Friday, December 13, 2019

Boris Triumphant


Last night the Squad received a resounding electoral thumping … in Great Britain. As you know, a party led by an anti-Semitic socialist lost bigly to one Boris Johnson, the British version of Donald Trump.

It was a chastening defeat, to say the least. For the record, I offered a post about Johnson last week, leaning heavily on Andrew Sullivan’s analysis. As it happened, Sullivan saw it correctly.

Anyway, the British people won. The same British people who voted to exit the European Union in 2016, only to have their will defied by politicians and bureaucrats declared boisterously that they meant it. Those who tried to nullify a referendum in the name of democracy lost.

And, let us not forget the weak sisters of Western Europe lost. Great Britain stood alone against the Axis in World War II. They did it again last night. They repudiated the leadership of the European Union, a group I have been calling the weak sisters. They did not want to be ruled by Angela Merkel and Emmanuel Macron and Ursula von der Leyen and Christine Lagarde and Frederika Mogherini.  Can you blame them?

Thus, the place of the European as a counterweight to American power has been seriously diminished. And not a moment too soon. A continent that prefers regulation to innovation, that submits to Iranian tyranny, that can only assert itself by insulting the American president… that vision, that fantasy is over.

Johnson’s victory was so decisive that news organizations could not spin it as anything but a victory. They could not salvage a face saving spin for the defeated Labour leader, Jeremy Corbyn… a man who has just resigned his position as head of his party.

So, some snippets from the news. First, from the New York Times:

Prime Minister Boris Johnson and his Conservative Party won a commanding majority in the British Parliament, a striking victory that redraws the lines in British politics and paves the way for the country’s exit from the European Union early next year.

The Conservatives were projected to win 364 seats in the House of Commons, versus 203 for the Labour Party, according to the BBC, with almost all of Parliament’s seats decided. That would give the Conservatives about a 75-seat majority, their largest since that amassed by Margaret Thatcher in 1987.

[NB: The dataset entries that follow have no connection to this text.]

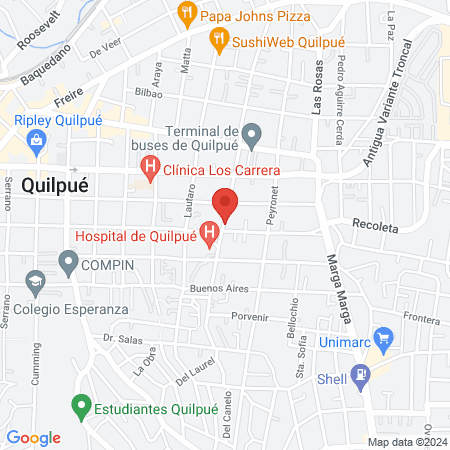 Escuela de Yoga Lasa Quilpué map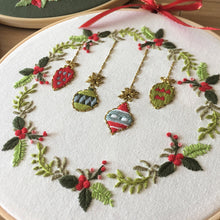 Load image into Gallery viewer, Merry Christmas Xmas Gift Hand Embroidery Kit 20cm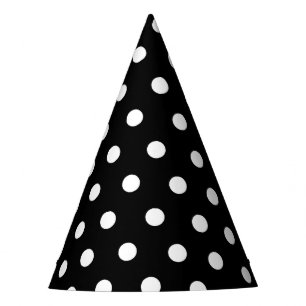 Chapeaux De Fêtes Casquette Monochrome Black and White Dots Party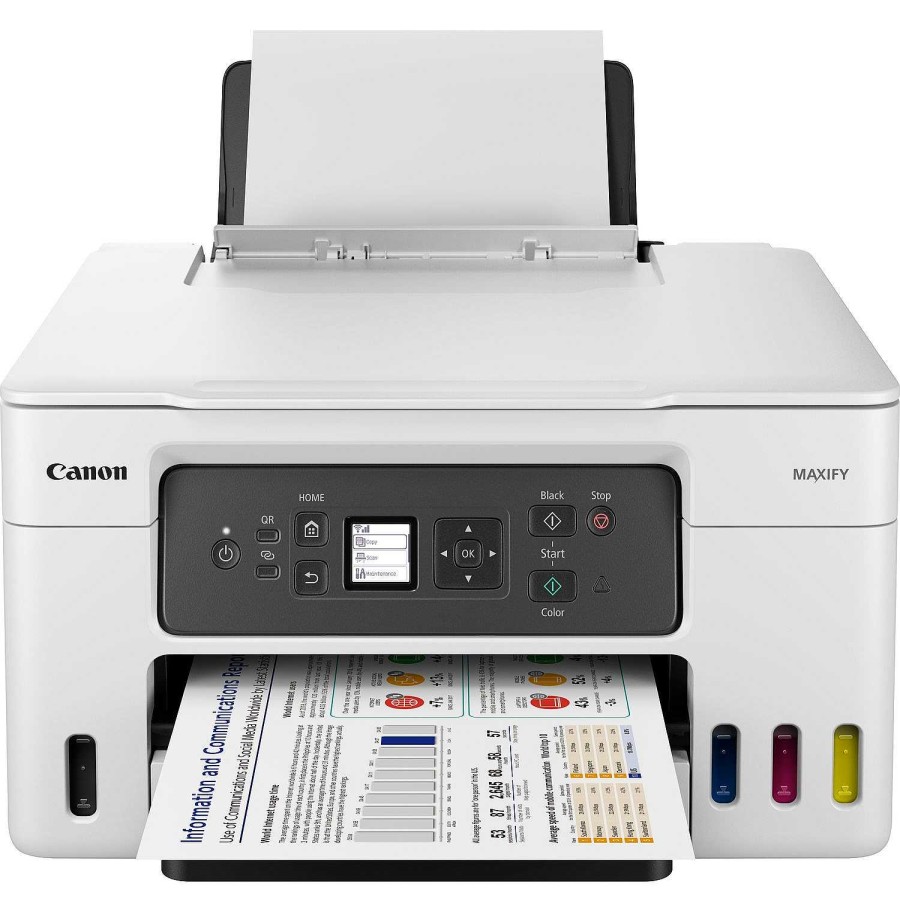 Canon Stampante Wireless 3 In 1 Inkjet Ricaricabile Megatank Canon Maxify Gx3050 Stampanti Per Home Office E Piccoli Uffici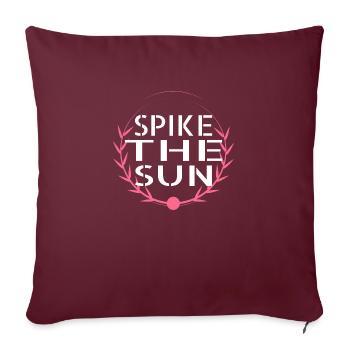 Volleyball de plage Excitation Humour Dictons amusants - Housse de coussin décorative 45 x 45 cm - bordeaux - Devant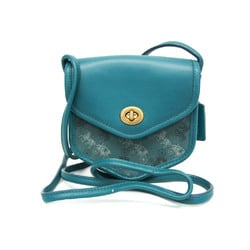 Coach 2891 Women's Leather,PVC Shoulder Bag Blue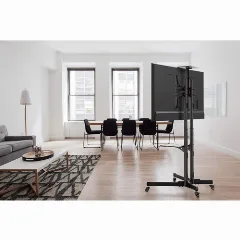 Manhattan pokretni podni stalak 37"-70", 50 kg, crni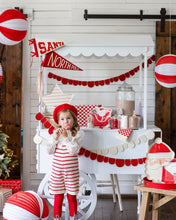 Load image into Gallery viewer, My Mind’s Eye - BEC1104 - Red and Cream Scalloped Felt Banner Set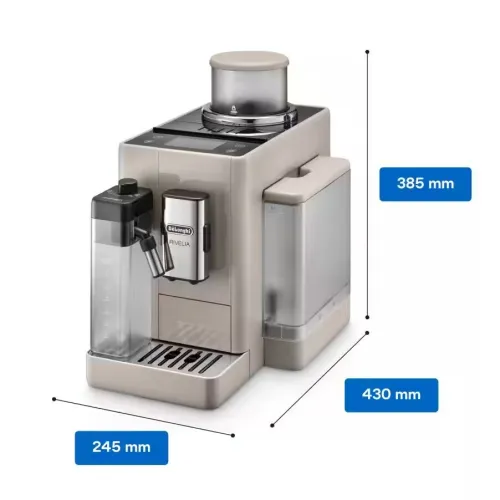 Machine a cafe De'Longhi Rivelia  -19 bar- 14 L d'eau - 250g de grain -16 recettes- ecran tactile EXAM440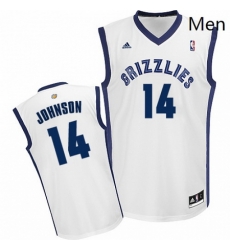 Mens Adidas Memphis Grizzlies 14 Brice Johnson Swingman White Home NBA Jersey Mens Adidas Memphis Grizzlies 14 Brice Johnson Swingman White Home NBA Jersey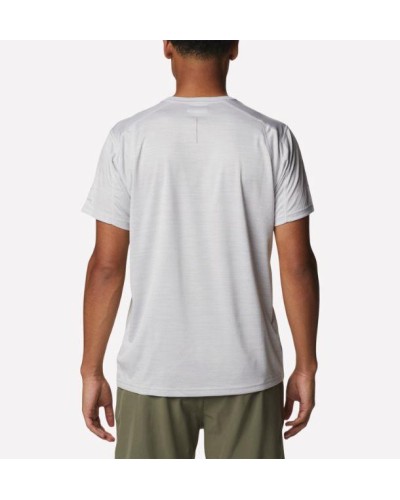 CAMISETA MANGA CORTA ALPINE CHILL™ ZERO SHORT SLEEVE CREW TEJIDO DE PUNTO POINTELLE LIGERO 100% POLIÉSTER WHITE HEATHER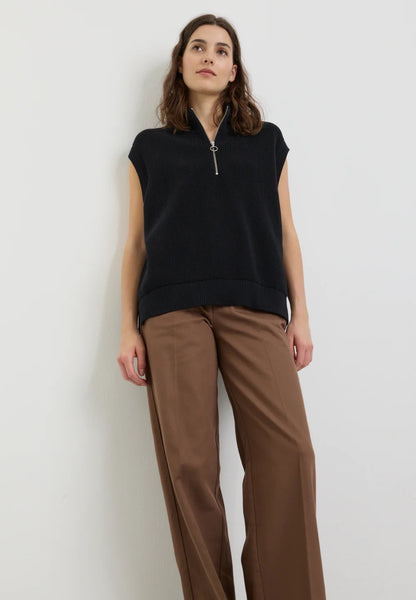 recolution - Pants LIGULARIA   coffee brown - WERTE FREUNDE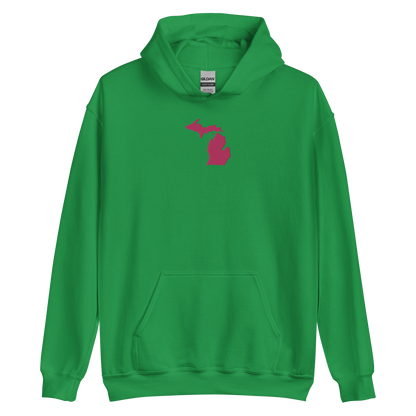 Michigan Hoodie (w/ Pink MI Outline) | Unisex Standard - Emb.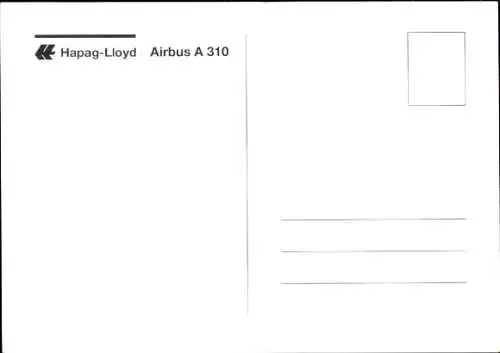 Ak Deutsches Passagierflugzeug, Hapag Lloyd Airbus A310, Landung, Teneriffa, Kanaren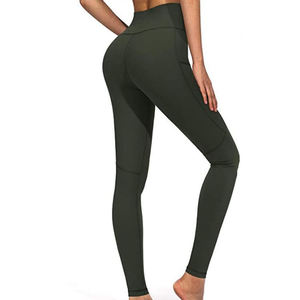 Best Sellers High Waist Plus Size <b>Leggings</b> with <b>Pockets</b> Workout Gym Fitness Yoga Pants Women Breathable Stretch Activewear - Product Image 5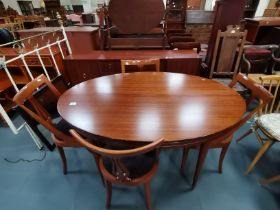 Greaves & Thomas Oval Dining table and 4 chairs plus sideboard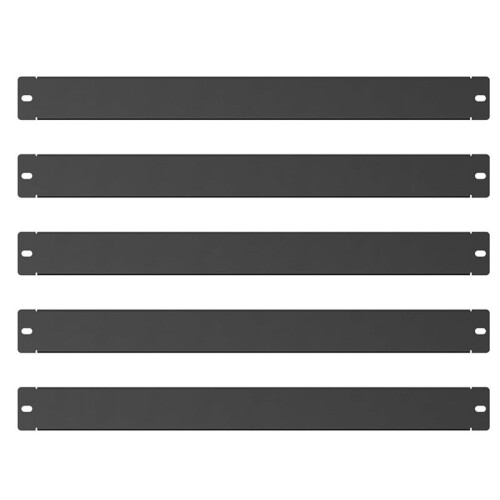 5 Pack 1U Blank Panels with Venting Blank Rack Mount Panel Spacer for Server Rack Enclosure or Network Cabinet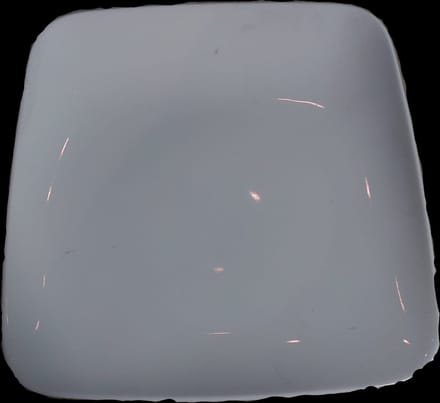 Intermezzo bord vierkant 24*24 cm met aan 1 kant één hogere rand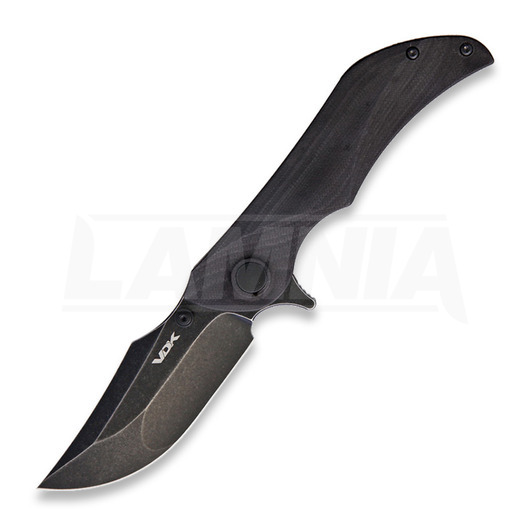 VDK Knives Talisman Flipper foldekniv, sort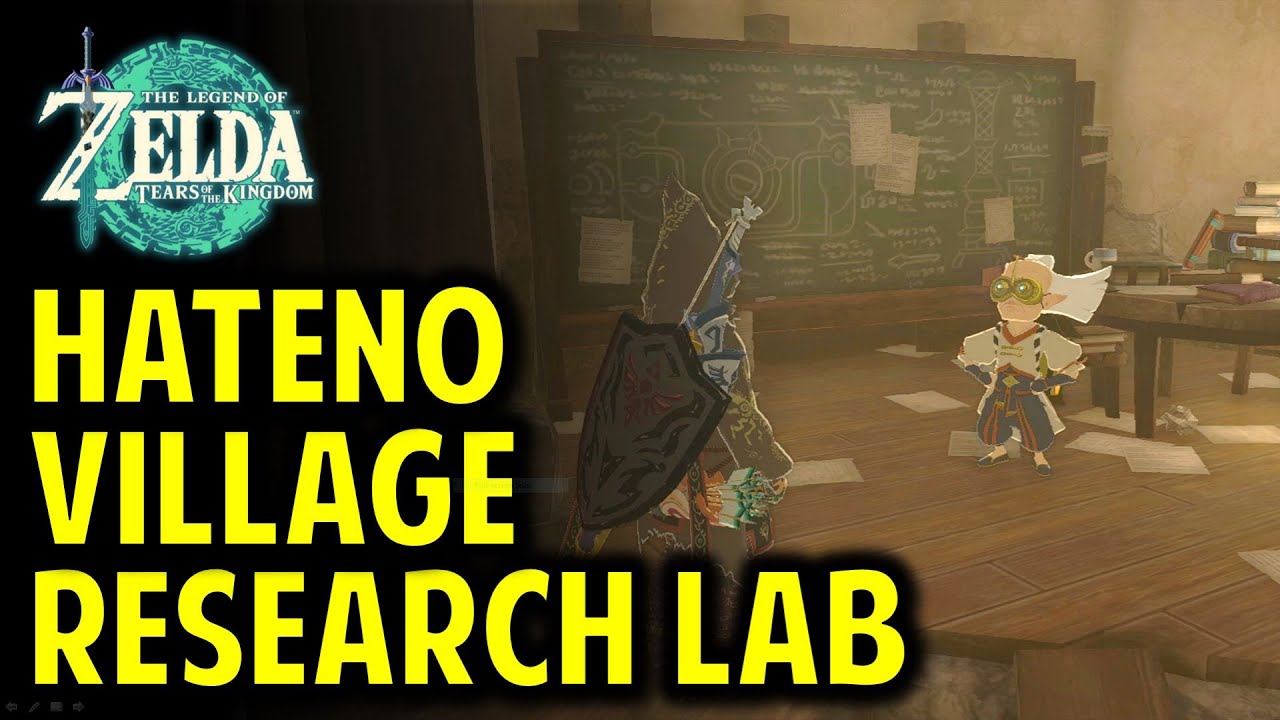 Unlock Shrine Sensor Hateno Village Research Lab Side Adventure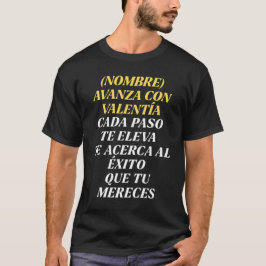 NUNCA TE DETENGAS REGALO PERSONALIZADO (NOMBRE) Tシャツ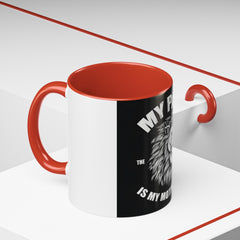 My Pain Is My Motivation | 11oz Accent Coffee Mug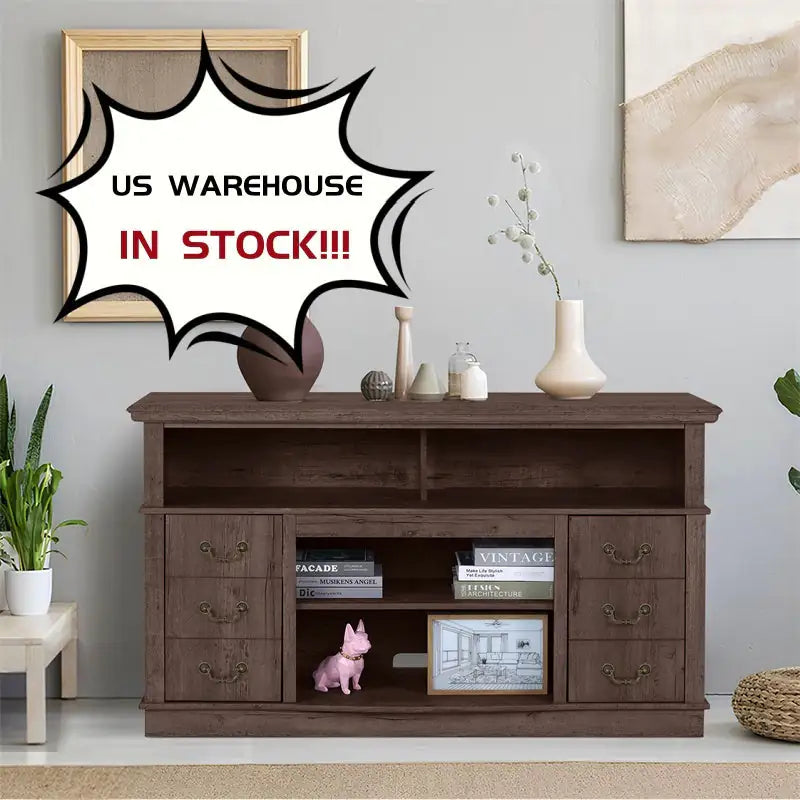 Well-designed TV Cabinet Vintage Home Living Room Wood TV Stand For TVs Modern Entertainment Center Farmhouse TV Storage Cabinet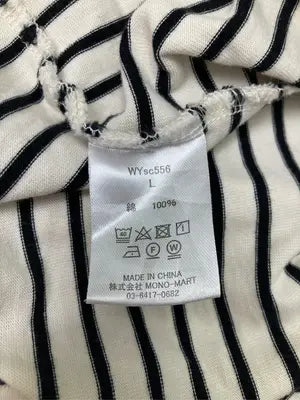 WYM/ウィムバイリドム/Tシャツ/カットソー/トップス/アイボリー/L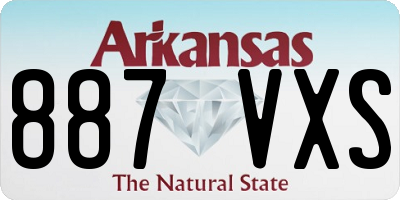 AR license plate 887VXS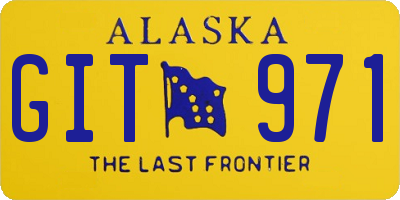 AK license plate GIT971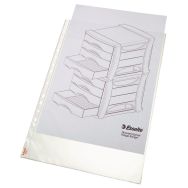 Lot de 50 Pochette perforée Esselte A3 portrait grainé, 85µ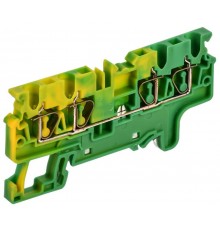 ARMAFIX Клемма пруж. CX2.5-4 PE 2,5мм2 4-конт. зазем.  AF-CT41-00-4-K52-002  IEK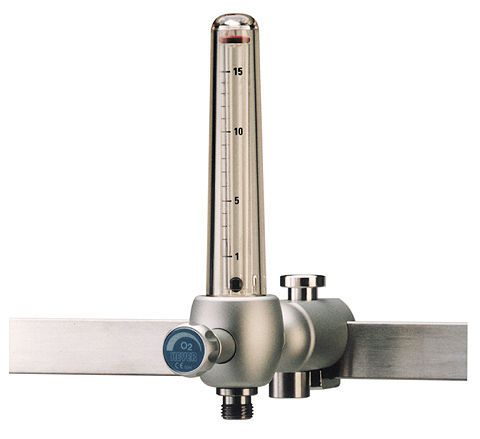 Oxygen flowmeter / variable-area / rail-mounted 660-0110 HEYER Medical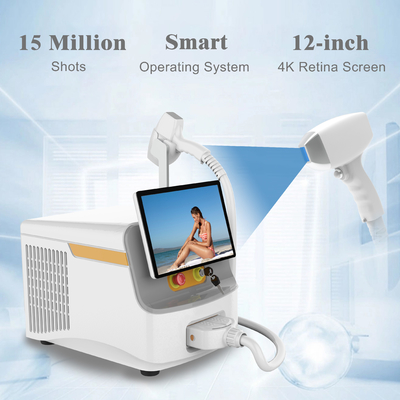 Máquina de remoção de pelos por laser médica portátil 808nm-810nm CE aprovada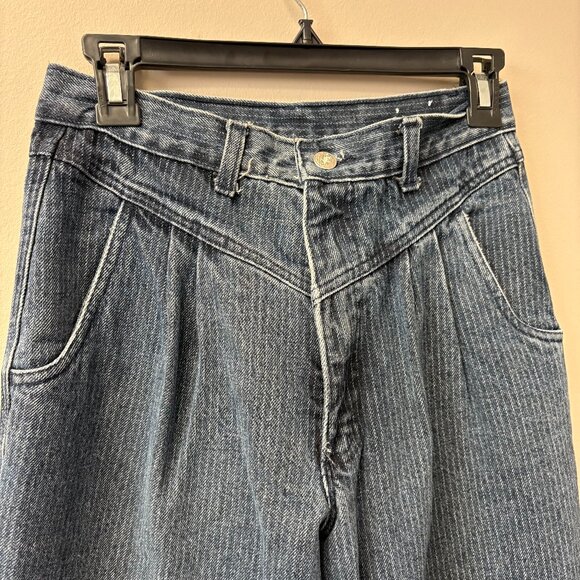 VINTAGE pinstripe Roper Jeans - Picture 1 of 5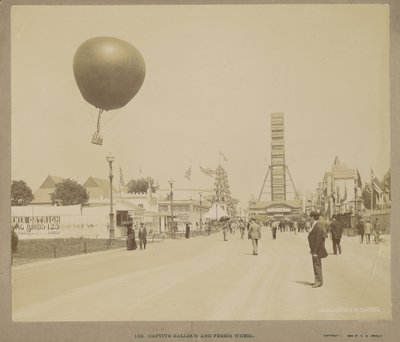 Ballon captif et grande roue, Exposition universelle de Chicago - Charles Dudley Arnold
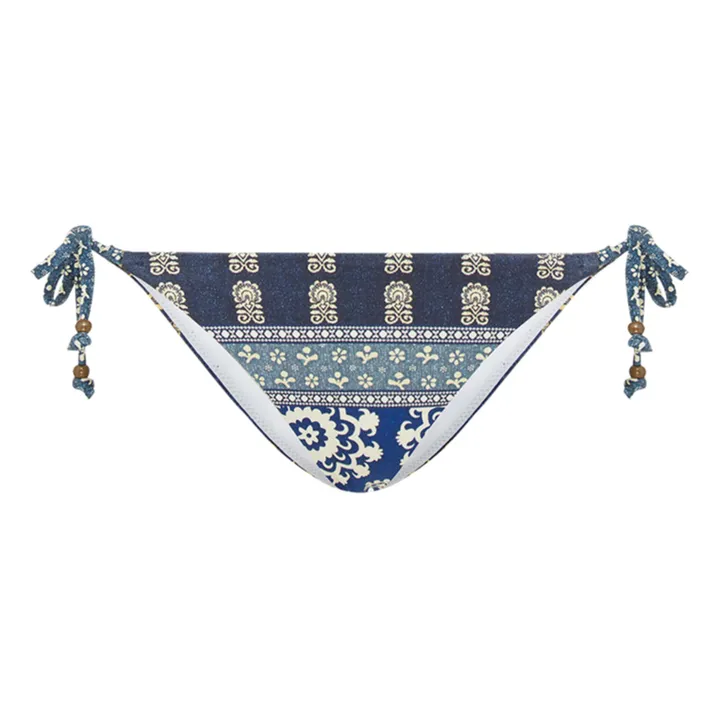 Boteh Bas de Maillot Florimonde Patchwork | Bleu marine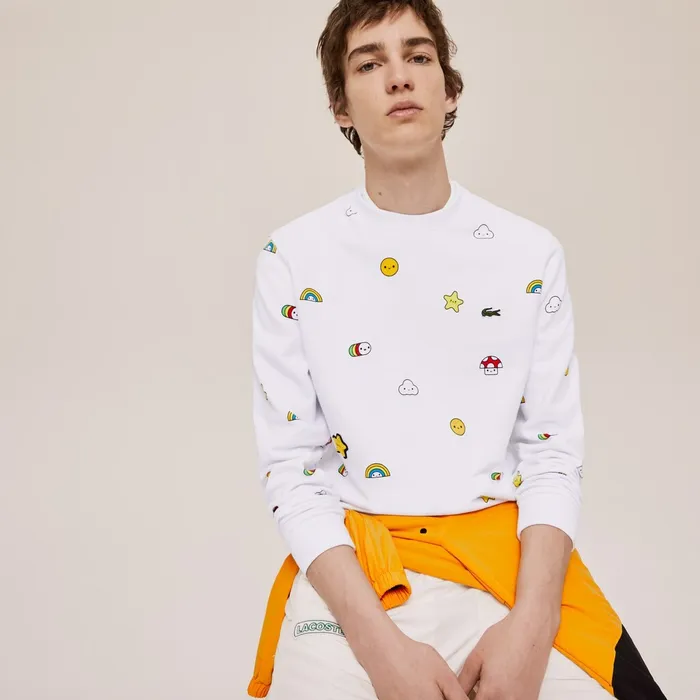 Unisex x FriendsWithYou Design Sweatshirt White Womens Lacoste Sweaters and Sweatshirts For Sale Online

As the results flowed in from individual districts, they pointed to a radical reconfiguration  of Britain’s political map. The Conservative Party was winning dozens of Labour seats in the industrial north and Midlands, shattering the so-called red wall that has undergirded the Labour Party for generations.

For Mr. Johnson, whose brief tenure has been marked by serial defeats in Parliament, legal reversals and ceaseless upheaval, it was a resounding vindication. Defying predictions that he would be tossed out of his job, the prime minister is now assured of leading Britain through its most momentous transition since World War II.

For Britain, which has lurched from crisis to crisis since the 2016 Brexit referendum, its future seemingly shrouded in perpetual uncertainty, the election provided a rare moment of piercing clarity.

Kudos to the reporters for that last phrase: “a rare moment of piercing clarity.” Don’t you think that perhaps we in American could use one of those… to see through the political miasma?

Significantly, the Johnson victory broke through what was considered Labour Party power in working class districts. Many of these flipped decisively toward the Tory Party, suggesting that leftists ideologues do not represent the interests of middle classing working people. Assuming that they ever have.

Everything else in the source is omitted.